This is an Investigation into the Coastal processes occurring in Porlock Bay, Exmoor National Park.
Porlock bay is a bay that has two points, which are Gore Point and Hurlstone Point. These two points were built because there was soft rock in between two hard rocks so it became a bay. This is a famous area for the tourists that go on holiday there because it is quiet and has beautiful natural scenery. It is also famous because of its geographical processes. This bay also has farmland growing on it.
Hurlstone point is at the West of Porlock Beach and is in the position of the end of Long Shore Drift. Therefore Hurlstone point had more rounded rocks. Hurlstone Point also has a cliff stopping the Long shore drift so that’s why it might have more shingle on this point because the cliff (fig 1) acts as a natural barrier that blocks the rocks so they build up.
(A map of the 2 points is provided on the next page)

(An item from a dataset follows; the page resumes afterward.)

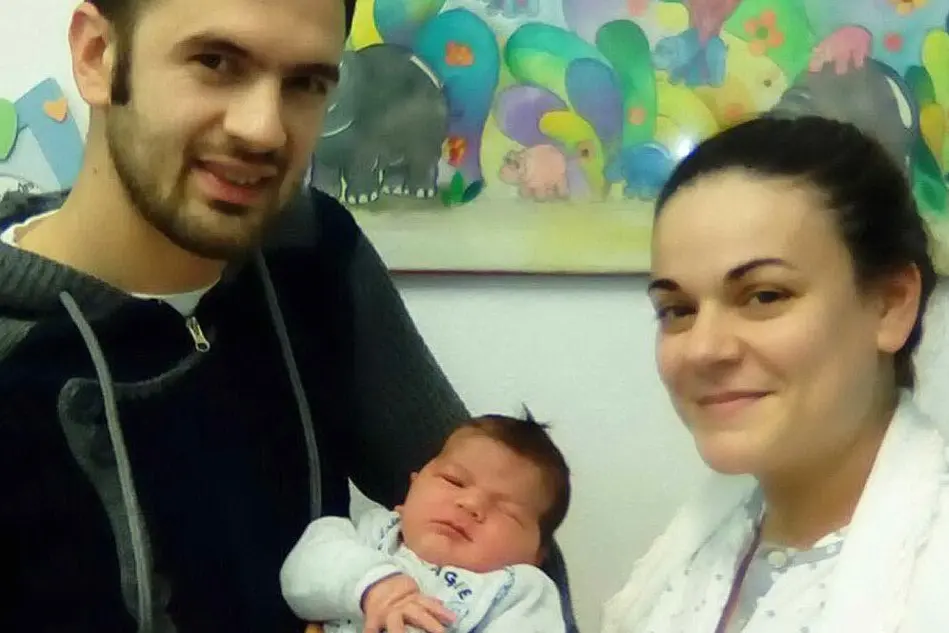 Mattia con i genitori Katia Scanu e Renato Falqui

Gore Point is in the east of Porlock Beach and is in the position where LSD starts because the winds refracting and creating waves that hit at Gore point in a West direction. Because Attrition wouldn’t be able to start its process, the rocks here are angular and sub-rounded. This place also has a groin that is man made.
These are pictures of the 2 points on the next page:
Photos of Hurlstone and Gore Point
Coastal processes involves a lot of things, like what influences Coastal processes like:
Geology is the type of Earth you are investigating for example there is hard rock which is more resistant and soft rock which is more vulnerable to coastal erosions.
(Fig 2, 3, 4)
Wave Action is the type of wave that is hitting the coast. It could either be a destructive wave or a constructive wave which is:
* Destructive = When there is a weak Swash and a strong Backwash, removes material for the beach. These waves are only built up on rare occasions
* Constructive = When there is a strong Swash and a weak Backwash, Builds up beach material.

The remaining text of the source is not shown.